Church of Our Lady, Star of the Sea including boundary wall to Gordon Road
- WRENN ID
- mired-spire-spindle
- Grade
- II
- Local Planning Authority
- East Suffolk
- Country
- England
- Date first listed
- 21 June 1993
- Type
- Church
- Source
- Historic England listing
Description
Church of Our Lady, Star of the Sea
A large Roman Catholic church in the Decorated Gothic style, built between 1900 and 1902. The architects were George and Reginald Palmer Baines, with F W Richards as Surveyor. The building is constructed in red Somerleyton brick with Costessey ware terracotta (made near Norwich).
The church is roughly rectangular in plan with an apsidal east end and a rectangular sacristy area extending to the north-east. An offset tower occupies the north-west corner, and a south-west porch is attached to a glazed link corridor leading to Stella Maris Hall. (Compass points in this description refer to liturgical orientation, with the sanctuary at the east end.)

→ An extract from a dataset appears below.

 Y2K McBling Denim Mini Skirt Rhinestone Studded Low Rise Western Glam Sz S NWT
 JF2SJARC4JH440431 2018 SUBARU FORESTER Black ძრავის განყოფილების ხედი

The exterior consists of a tall nave of six bays with single-storey aisles on each side, their lean-to roofs sloping downward. The clerestory features six two-light windows on each side with Decorated style tracery. A copper-covered timber octagonal fleche rises towards the eastern end. The apse is a single storey, flanked by square chapels with gabled roofs and circular east windows. The nave terminates in a gabled roof that forms the west frontage onto Gordon Road.
The tower, to the north of the west front, rises in three stages with angle buttresses. The lower stages have arched windows on three faces; the north face has a large gabled door with a tympanum. The second stage displays an arcade of three blind arches, while the upper stage has paired pointed-arch windows. Four crocketed pinnacles crown the tower.

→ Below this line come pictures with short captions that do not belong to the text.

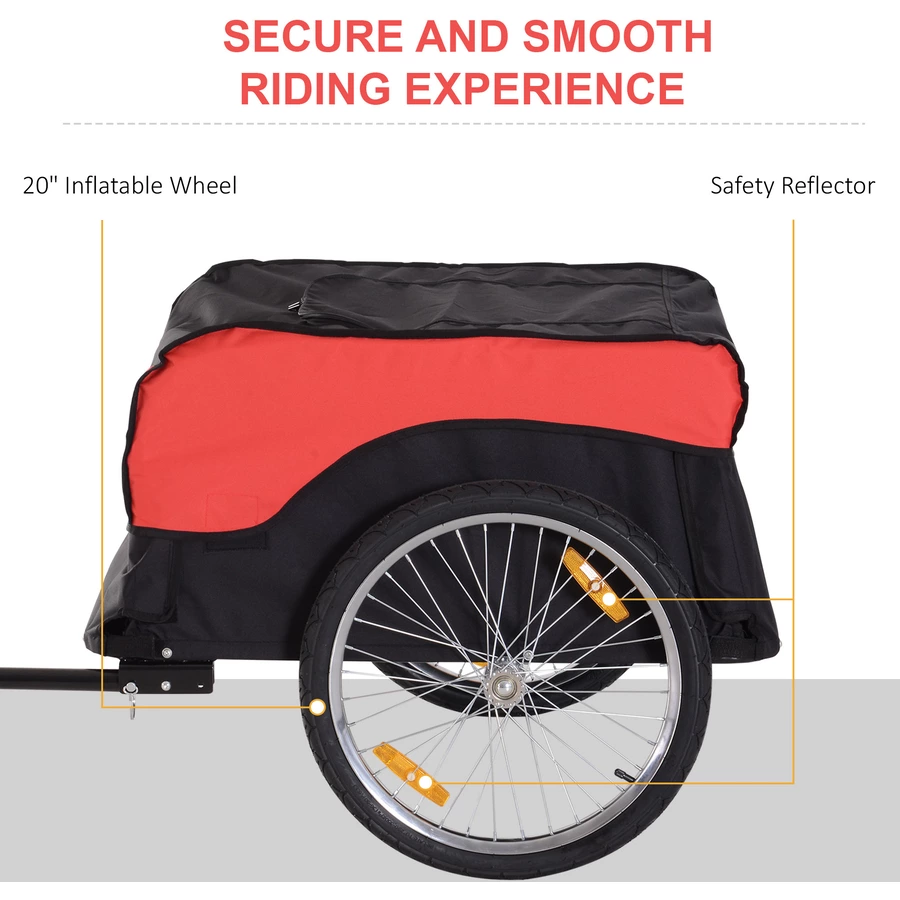 HOMCOM Transportanhänger fürs Fahrrad rot, schwarz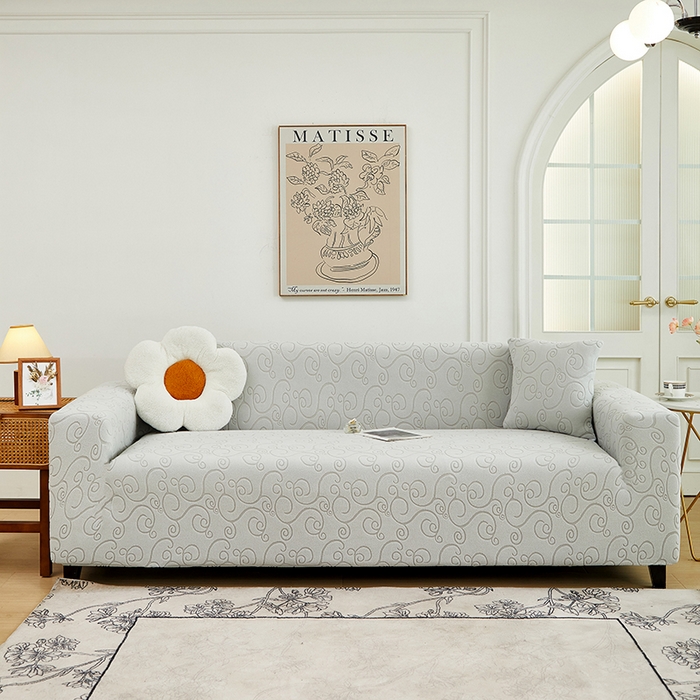 91家纺网 家纺一手货源 找家纺 丝绮鹿 2024新款年华松紧款沙发套（三人图） 浅灰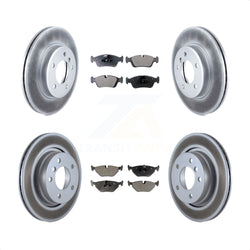 Front Rear Coated Disc Brake Rotors And Semi-Metallic Pads Kit For BMW 325i 325Ci 323i 328i 323Ci 328Ci KGF-100817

Two doorways pierce the west front: one serves the nave, the other the south-west porch. Both feature two-centred arch ogee surrounds with finely moulded archivolts. The nave doorway is recessed and contains a niche with a statue of the Virgin and Child above; hood moulds above carry carved angel stops. The west front carries buttresses with large octagonal crocketed finials, and bands of blind-arcaded tracery appear above both the west door and south-west porch. A large five-light west window with Decorated tracery sits above the nave doorway.
The interior is accessed from either the south-west door (connected to Stella Maris Hall via a glazed link) or the west door, which opens into the narthex.

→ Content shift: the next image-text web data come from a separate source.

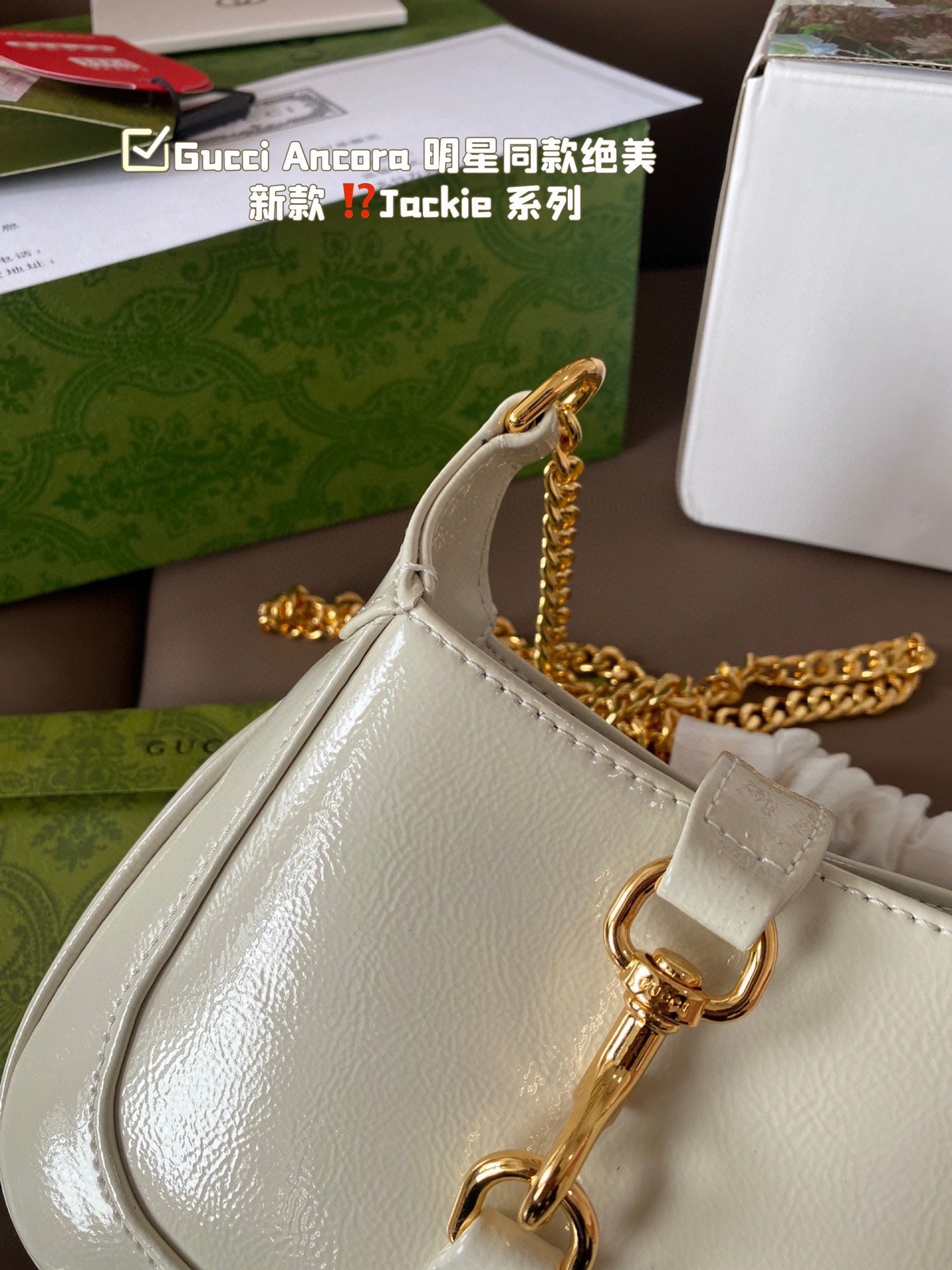 Gucci Jackie Bag – Multi-Color Romantic Tote, 20x13cm Curved Silhouette, Smooth/Waxed Leather, Celebrity Style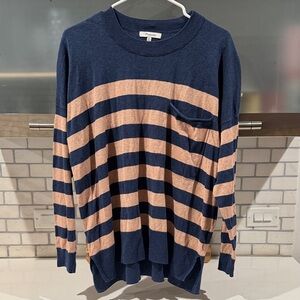 Madewell Striped Knit Sweater Navy Beige Long Sleeve – Size XL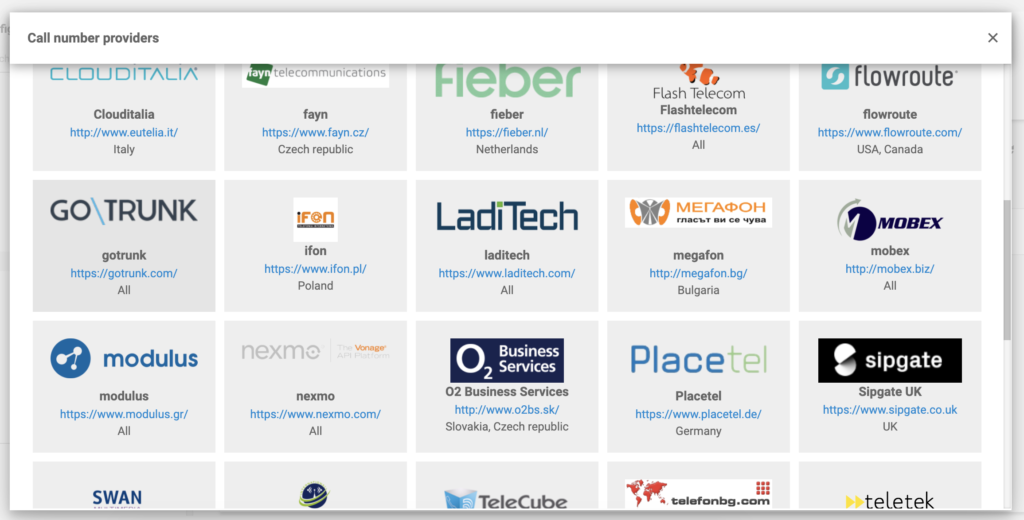 GoTrunk nell'elenco dei provider VoIP in LiveAgent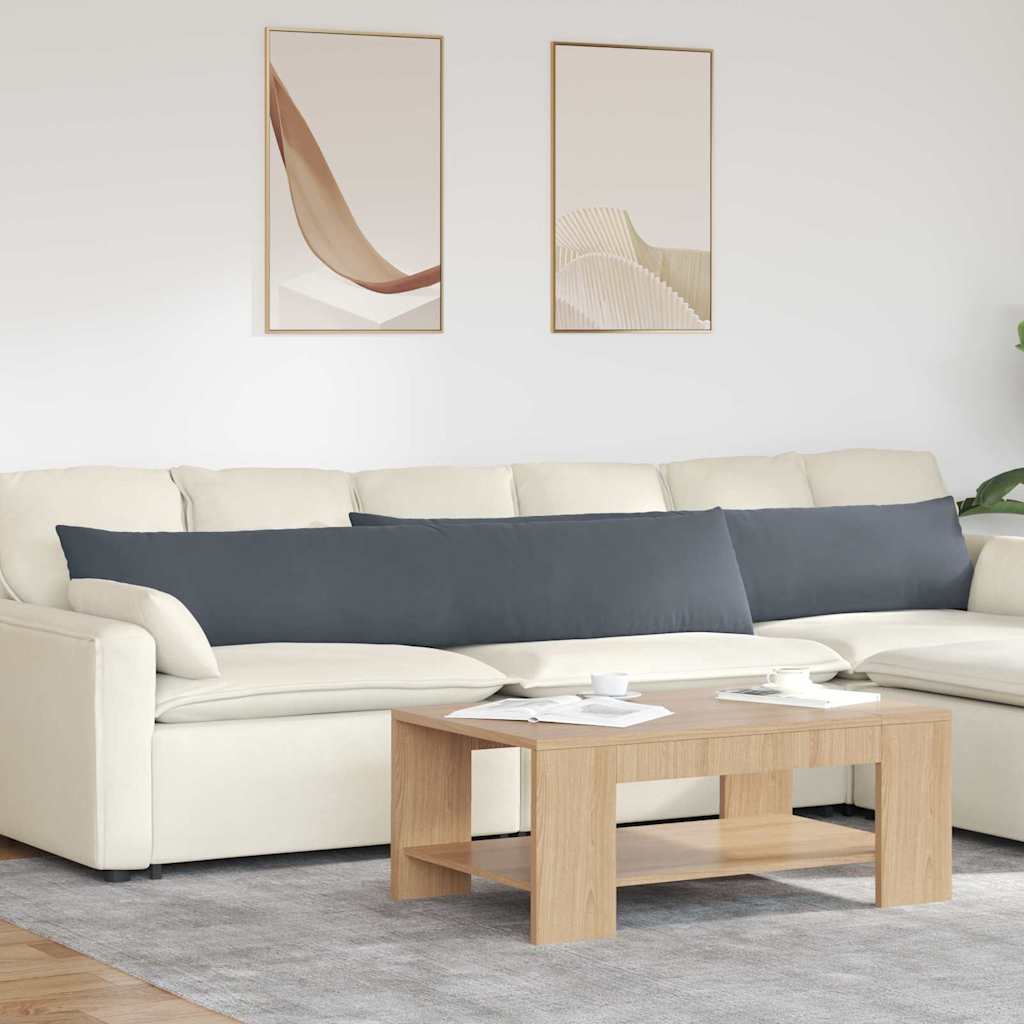 Sofakuddar 2 pcs Mörkgrå 200 x 40 cm Kordread tyg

The nave roof is constructed with principal rafters forming false hammer-beams secured with tie-rods. The aisles have similar large principal rafters with spandrel cusping. Five-bay arcades of polished granite columns with alternating round and octagonal capitals rise from tall stone plinths, supporting the structure. A largely complete set of original pews remains. The clerestory and aisle windows contain stained glass with Arts and Crafts style patterns.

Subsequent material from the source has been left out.